Richard J. Perr

Representative Matters

  • Szczurek v. Prof’l Mgmt., No. 14-4775, 2015 U.S. App. LEXIS 17245 (3d Cir. September 10, 2015) (In an FDCPA action, debt collector was entitled to judgment on the pleadings under Fed. R. Civ. P. 12(c), because court disagreed with debtor’s interpretation of a sentence in a debt collection letter as misleading and declined to hold debt collector liable for failing to notify consumers of rights above and beyond what was required by the FDCPA).
  • Douglass v. Convergent Outsourcing, No. 13-3588, 765 F.3d 299 (3d Cir. 2014) (The district court erred in granting the debt collector summary judgment on the debtor’s 15 U.S.C. § 1692f(8) claim where the disclosure of the account number implicated a core concern of the FDCPA, i.e., invasion of privacy, and thus, its disclosure was not benign).
  • Seamans v. Temple Univ., No. 12-4298, 744 F.3d 853 (3d Cir. 2013) (In this FCRA action, the grant of summary judgment to the university was vacated; once the borrower’s loan had been repaid, the trade line pertaining to the Loan should have “aged off” his credit report pursuant to 15 U.S.C. § 1681c(a)(4), because the Loan by that time had been placed for collection more than seven years prior).
  • Caprio v. Healthcare Revenue Recovery Group, LLC, No. 12-1846, 709 F.3d 142 (3d Cir. 2013) (Based on the court’s interpretation of a collection letter from the perspective of the applicable “least sophisticated debtor,” it determined that the substance and the form of the letter overshadowed and contradicted the validation notice, contrary to 15 U.S.C. § 1692g. It was deceptive because it could be read to have two or more meanings).

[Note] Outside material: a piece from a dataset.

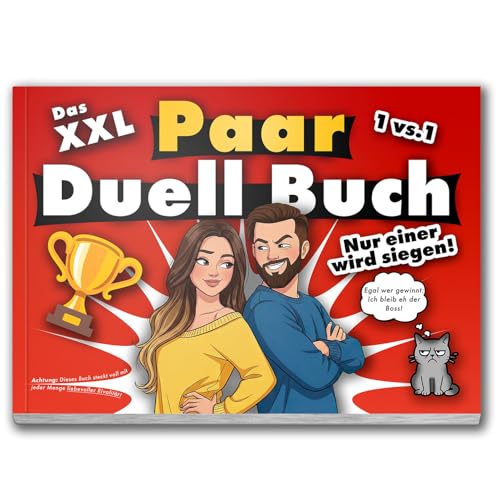 Das XXL Duell-Buch für Paare | Lustige Spiele für Deinen Partner & Dich | Mit Couple Challenges zum Lachen, Wundern, Necken & näher Zusammenfinden, Tolles Geschenk: Jahrestag, Hochzeit, Date-Night (1)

  • Lesher v. Law Offices of Mitchell N. Kay, PC, No. 10-3194, 650 F.3d 993 (3d Cir. 2011), cert. denied, 2012 U.S. LEXIS 967 (Jan. 23, 2012) (Two debt collection letters from a law firm, acting as a debt collector, were deceptive in violation of the FDCPA because they falsely implied that an attorney was involved in collecting the debt, and the least sophisticated debtor would reasonably believe that an attorney had reviewed the file and determined that legal action was appropriate).
  • Rosenau v. Unifund Corp., No. 07-3019, 539 F.3d 218 (3d Cir. 2008) (Judgment on the pleadings was improperly entered for debt collector as to consumer’s deceptive practices claims under 15 U.S.C. § 1692e(3), (10). Factual dispute existed as to whether least sophisticated consumer would think that collection letter signed “Legal Department” necessarily meant that attorney was involved in writing or sending letter).
  • Orson, Inc. v. Miramax Film Corp., No. 97-1994, 189 F.3d 377 (3d Cir. 1999), cert. denied, 2000 U.S. LEXIS 1869 (March 6, 2000) (State statute banning exclusivity in motion picture distribution after 42 days was preempted by Copyright Act; state cannot control distribution of copyrighted work contrary to statutory exclusive distribution rights).
  • Counseled client through the purchase of a debt portfolio with a face value of $2.4 billion. Fast-paced transaction with an end-of-the-year deadline.
  • Successfully forced plaintiff’s counsel to resolve a substantial class action on an individual basis, which dramatically lowered the exposure to the client. Because the nature of the case changed from a class action to a single plaintiff lawsuit the client was only required to pay a nominal settlement.
  • Obtained summary judgment on behalf of a leasing company sued as a result of a multiple fatality motor vehicle accident.  Plaintiffs alleged that the leasing company’s failure to maintain its own insurance policy on the vehicle made it responsible under a state statute requiring such companies to have insurance to pay for the damages caused by the driver of the vehicle.  The court agreed with the leasing company and ruled that noncompliance with the statute did not create a private right of action by the Plaintiffs.